I sentieri dei Bagzan
Dunque eccoci qua con la nostra carovana: Bukka, fidata guida e interprete, Anoran, cuoco e straordinario narratore di indovinelli attorno al fuoco dei bivacchi, e Agi, silenzioso conduttore dei nostri due dromedari.
Nei giorni scorsi abbiamo attraversato la pianura con la jeep. Nell’Air non ci sono vere e proprie strade, ma solo piste in terra battuta che, nella stagione delle piogge, sono regolarmente rese impraticabili dallo straripamento dei fiumi. Interi villaggi possono restare isolati per mesi. Adesso però siamo alle soglie dell’inverno, il clima è secco e c’è gran movimento sulle piste. Accanto alle lente carovane di dromedari sfrecciano i camion, con i soliti carichi di cipolle…

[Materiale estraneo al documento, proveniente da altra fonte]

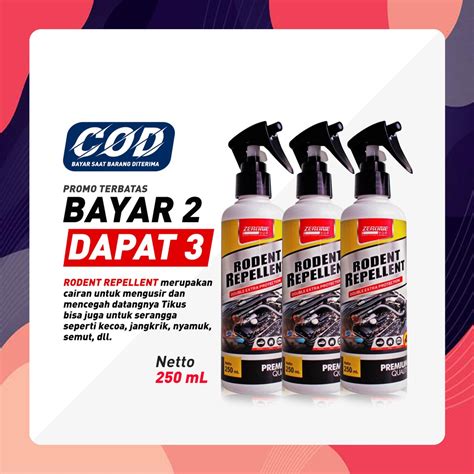 Jual ZERONE JAPAN RODENT REPELLENT CAIRAN PENGUSIR TIKUS MOBIL UNTUK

Ai piedi dei Bagzan abbiamo lasciato l’auto, per incamminarci lungo i sentieri che salgono dolcemente verso le montagne, attraverso gole intagliate fra ripide pareti.
Ora siamo accampati a poca distanza dal villaggio di Emalaoule, sull’altopiano. Attorno un paesaggio surreale, disseminato di gigantesche “uova” di granito, modellate dal vento e dal sole. All’orizzonte cumuli di rocce e, mille metri sotto di noi, l’immensa distesa dell’Air.

Cercasi alunni disperatamente…

Questa sera al campo c’è un ospite, arrivato giusto in tempo per l’immancabile tè dopo cena. Si chiama Soloulu ed è l’insegnante della futura scuola.
“Sulle nostre montagne il tasso di alfabetizzazione è quasi pari a zero – racconta, mentre, come vuole la tradizione, sorseggiamo il tè accompagnandolo con pezzetti di formaggio di capra – c’è una sola scuola a Bagzan Hammas, ma quest’anno le lezioni non sono ancora cominciate. I maestri sono in sciopero in tutto il Paese. Inoltre non è facile trovare qualcuno disposto a venire fin qui per insegnare”.


Per lui è diverso. Soloulu fra queste montagne ci è nato e, dopo aver studiato in città, è tornato a casa, per fare da maestro ai bambini del suo stesso villaggio.
“Io sono stato mandato a scuola per punizione – ricorda – Quando ero piccolo spettava ai capo villaggio il compito di fare il reclutamento scolastico e spesso questa facoltà era usata come ritorsione verso chi gli aveva fatto qualche sgarbo. Così un giorno mio padre radunò i fratelli e ci disse che il capo voleva che uno di noi partisse per Agadez e andasse a scuola. Io mi offrii volontario. Furono anni molto duri, ma lo studio mi piaceva e riuscii a prendere il diploma”.
Oggi il “reclutamento forzato” non esiste più, ma lo Stato sta attuando una grossa campagna di scolarizzazione e spetta ai maestri come lui convincere le famiglie a far studiare i figli. Un compito non facile: “Qui i bambini sono forza lavoro e spesso i genitori ritengono che mandarli a scuola sia una perdita di tempo, se non un danno economico per la famiglia”, conferma amareggiato.
E’ anche per venire incontro alle esigenze delle famiglie che da queste parti costruire una scuola è un po’ come dar vita ad un piccolo villaggio. Accanto alle aule servono gli alloggi per gli insegnanti, i dormitori per i ragazzi che vengono a piedi dai villaggi più lontani, un orto, una cucina e un refettorio. “Spesso – spiega Soloulu – è proprio la possibilità di avere un pasto e un letto presso la scuola che convince i genitori ad inviare i bambini”.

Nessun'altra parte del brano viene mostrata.